HCC Honors Chris Palames with Distinguished Service Award
HOLYOKE — Disability-rights activist Chris Palames is the recipient of this year’s Distinguished Service Award from Holyoke Community College.
Palames is the founder of the Stavros Center for Independent Living in Amherst, executive director of Independent Living Resources in Florence, and a retired consultant for the Massachusetts Division of Capital and Asset Management, which manages construction projects for publicly owned facilities in the state. He has served on the Northampton Commission on Disability and the Massachusetts Disability Policy Consortium, and frequently advises the staff in HCC’s Office for Students with Disabilities and Deaf Services.
HCC President Christina Royal presented the Distinguished Service Award to Palames at HCC’s 71st commencement ceremony at the MassMutual Center in Springfield on June 2.
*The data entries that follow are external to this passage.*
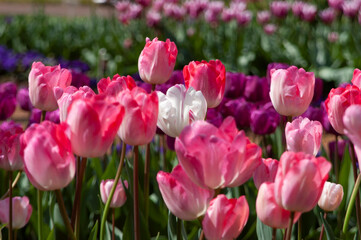 spring flowers in nature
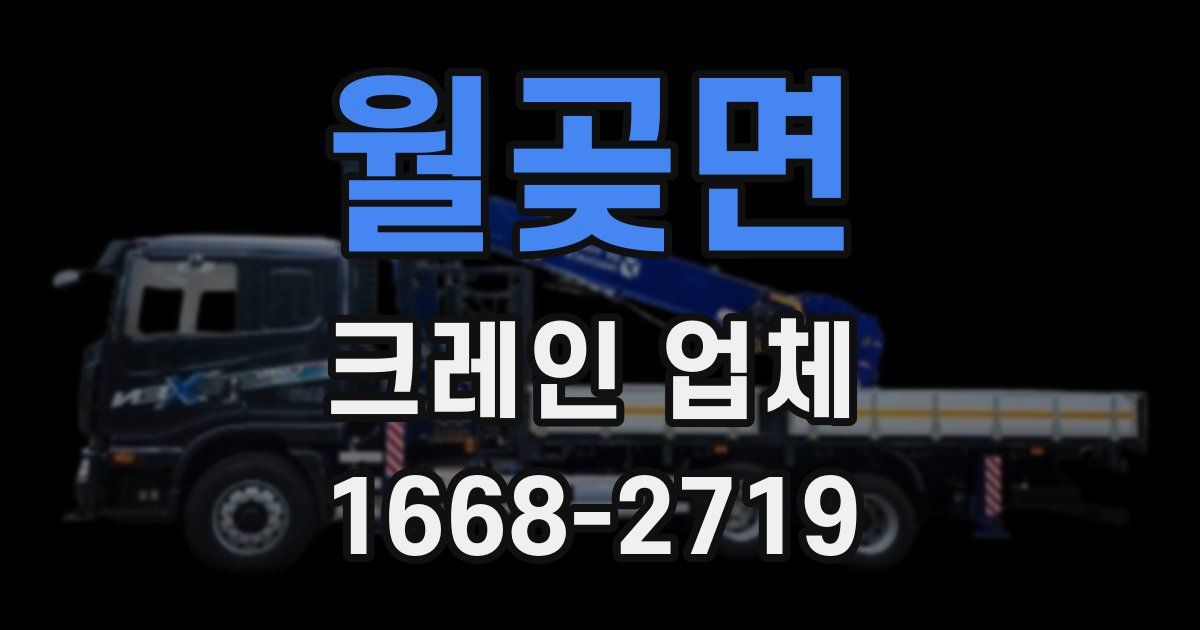 월곶면 크레인 업체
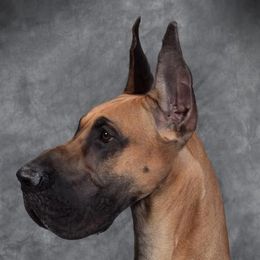 Great Danes from Elle Great Danes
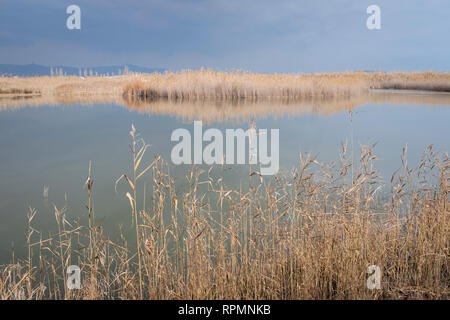 Teich von Schilf umgeben. Natürliche Bereiche des Llobregat Delta. Provinz Barcelona. Katalonien. Spanien. Stockfoto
“Chris has long been a valued friend of HCC, and, as a consultant for the Commonwealth, has had a significant role in helping to make HCC and other Massachusetts colleges more welcoming and accessible to all,” Royal said. “Chris, thank you for your friendship, and for the important work you do to make our world, our community, and our college a better place. We are so happy to honor you today.”
Palames began his life as an activist as a freshman at Wesleyan University in the 1960s, demonstrating for civil rights on the White House lawn. A spinal-cord injury left him a quadriplegic, but, after a year recuperating, he was back, protesting the Vietnam War and completing his bachelor’s degree in psychology.